> _Your assignment_: All lines in the records below from the line with "Woolrich 1940s Vintage" through the line with "Southern Tide Vest" are to be given again exactly, both ends included; the pictures are to be left out.

> _Provided data_:
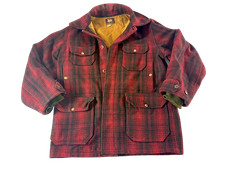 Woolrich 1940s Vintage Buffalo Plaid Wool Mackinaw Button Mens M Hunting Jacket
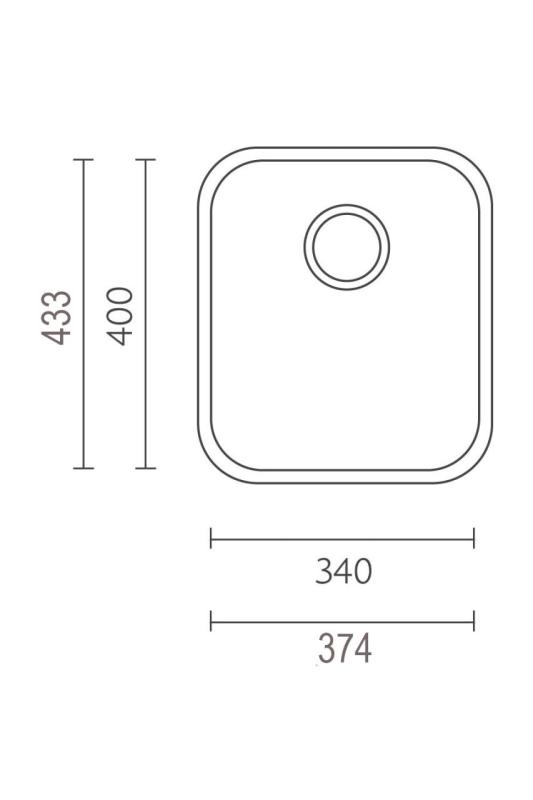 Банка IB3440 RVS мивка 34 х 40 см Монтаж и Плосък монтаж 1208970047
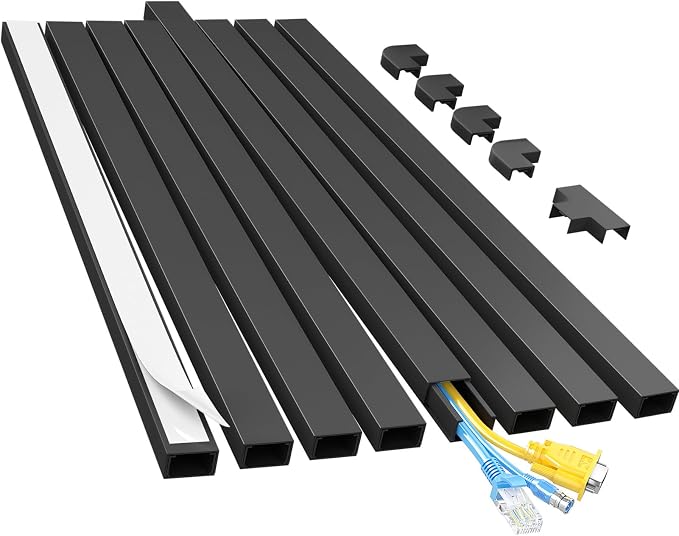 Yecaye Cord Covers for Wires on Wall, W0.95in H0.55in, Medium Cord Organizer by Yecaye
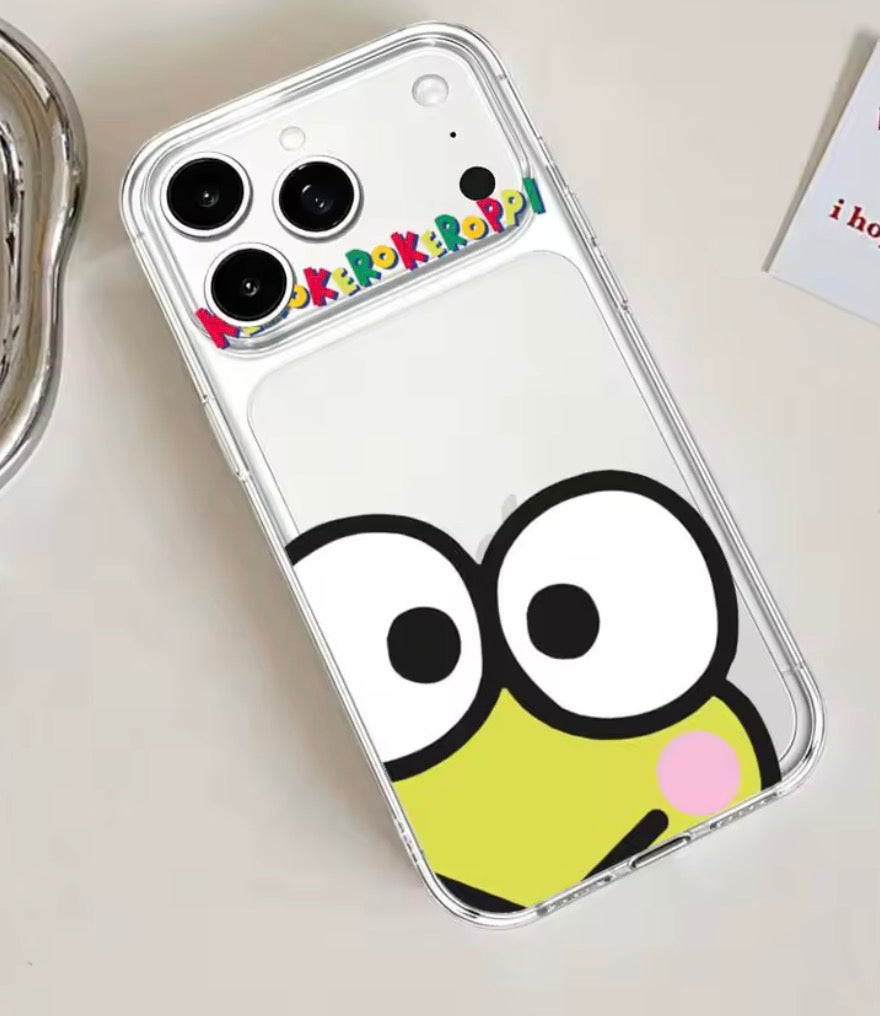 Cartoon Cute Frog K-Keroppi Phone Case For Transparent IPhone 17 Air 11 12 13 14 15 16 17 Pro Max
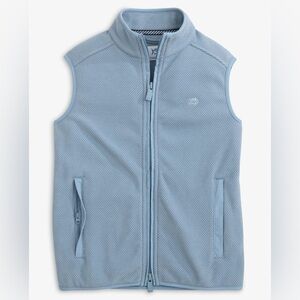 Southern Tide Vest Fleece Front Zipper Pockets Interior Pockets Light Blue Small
==
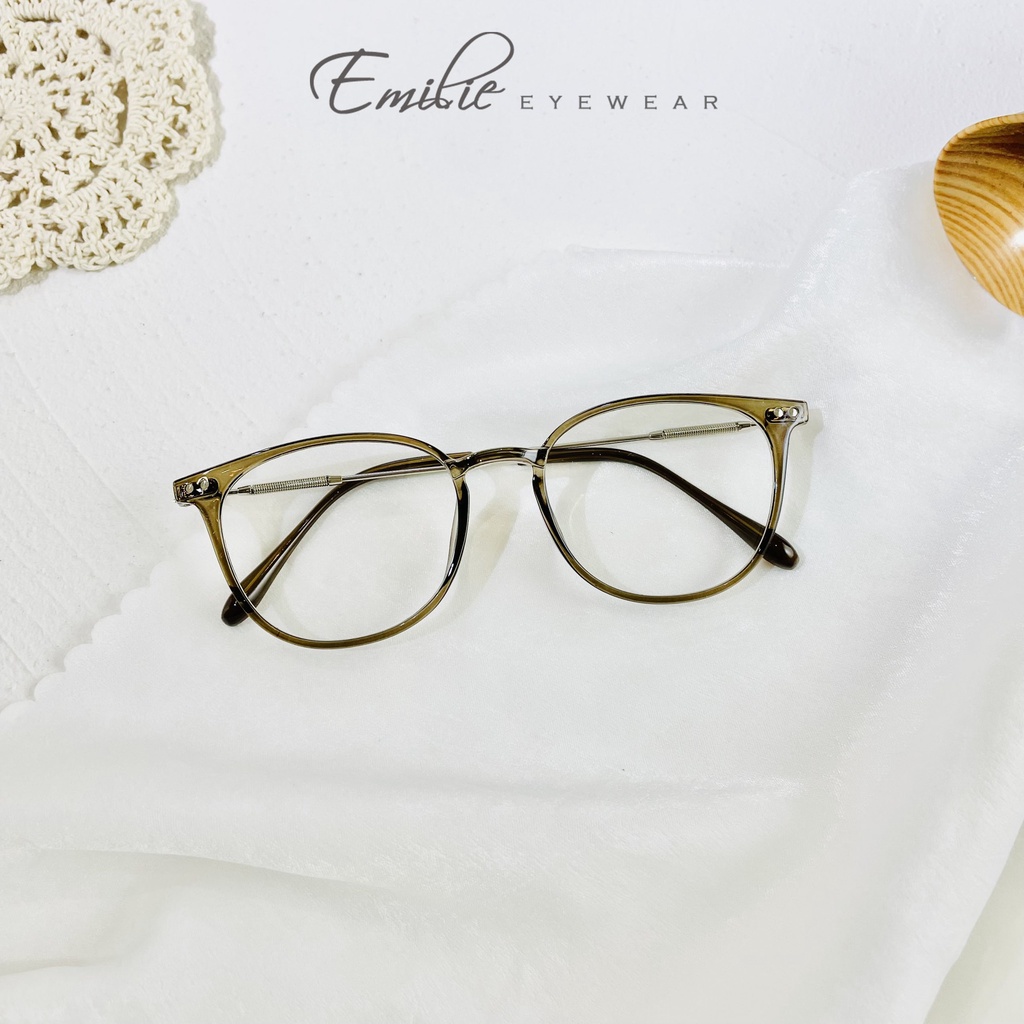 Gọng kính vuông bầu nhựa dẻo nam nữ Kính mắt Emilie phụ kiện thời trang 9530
...
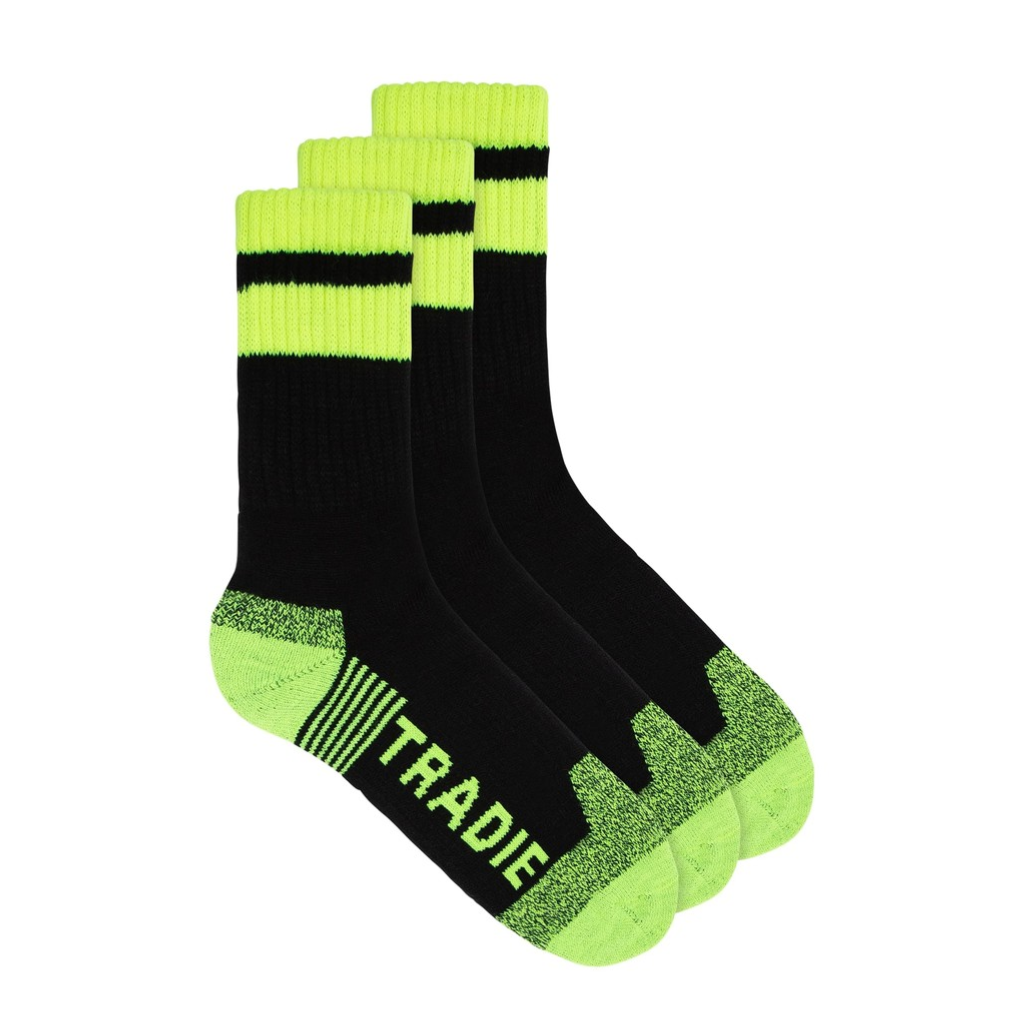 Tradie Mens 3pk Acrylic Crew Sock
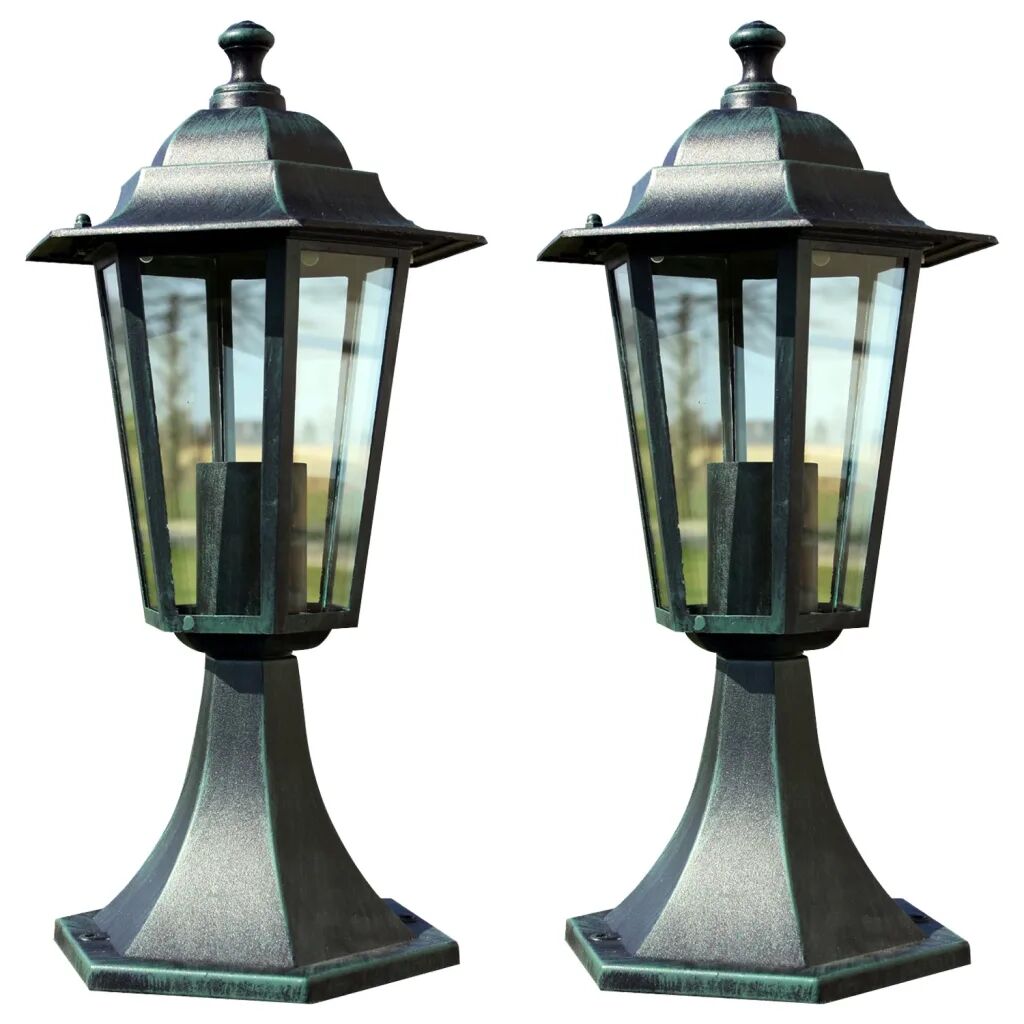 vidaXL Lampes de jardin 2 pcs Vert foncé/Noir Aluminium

> _Answer below_:
 Woolrich 1940s Vintage Buffalo Plaid Wool Mackinaw Button Mens M Hunting Jacket
 Банка IB3440 RVS мивка 34 х 40 см Монтаж и Плосък монтаж 1208970047
 Yecaye Cord Covers for Wires on Wall, W0.95in H0.55in, Medium Cord Organizer by Yecaye
 Cartoon Cute Frog K-Keroppi Phone Case For Transparent IPhone 17 Air 11 12 13 14 15 16 17 Pro Max
 Southern Tide Vest Fleece Front Zipper Pockets Interior Pockets Light Blue Small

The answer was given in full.